Work item: An exact copy is needed of the lines in the entries below from the line with "découvrez les risques" up to and including the line with "14145 Creekbed Circle, Winter", and of nothing else. Leave the pictures out.

Data for this exercise:

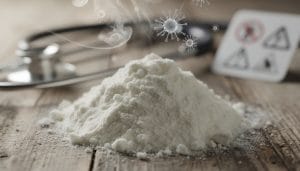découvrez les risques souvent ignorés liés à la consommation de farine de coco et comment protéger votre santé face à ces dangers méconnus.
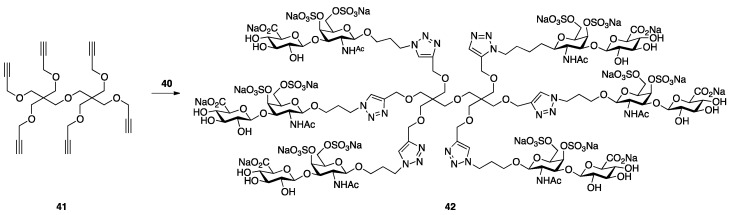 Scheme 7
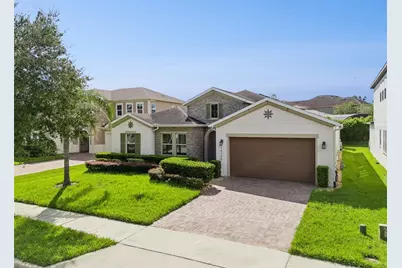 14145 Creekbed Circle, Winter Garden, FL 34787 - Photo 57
...
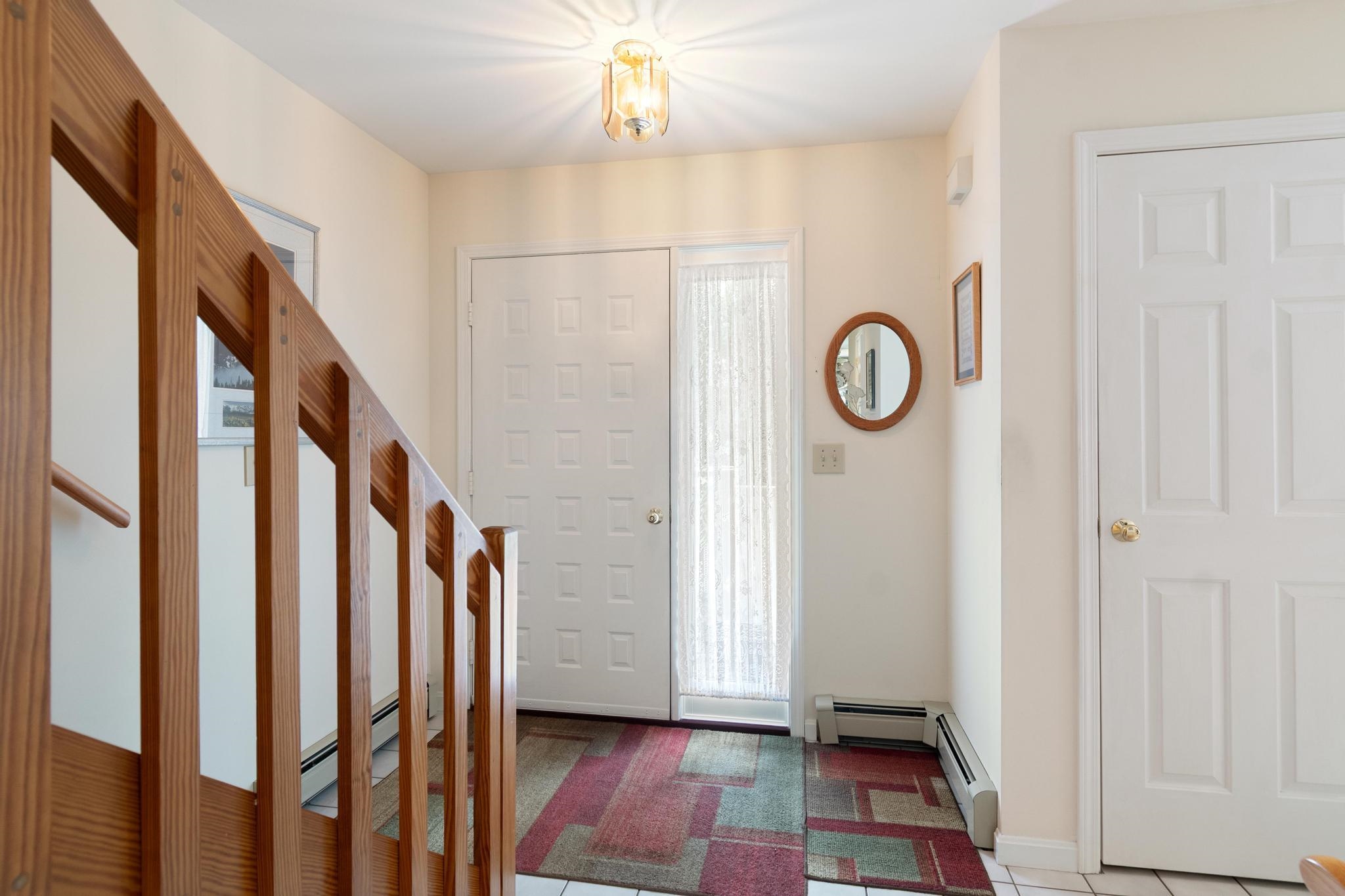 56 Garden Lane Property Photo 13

Worked solution:
découvrez les risques souvent ignorés liés à la consommation de farine de coco et comment protéger votre santé face à ces dangers méconnus.
 Scheme 7
 14145 Creekbed Circle, Winter Garden, FL 34787 - Photo 57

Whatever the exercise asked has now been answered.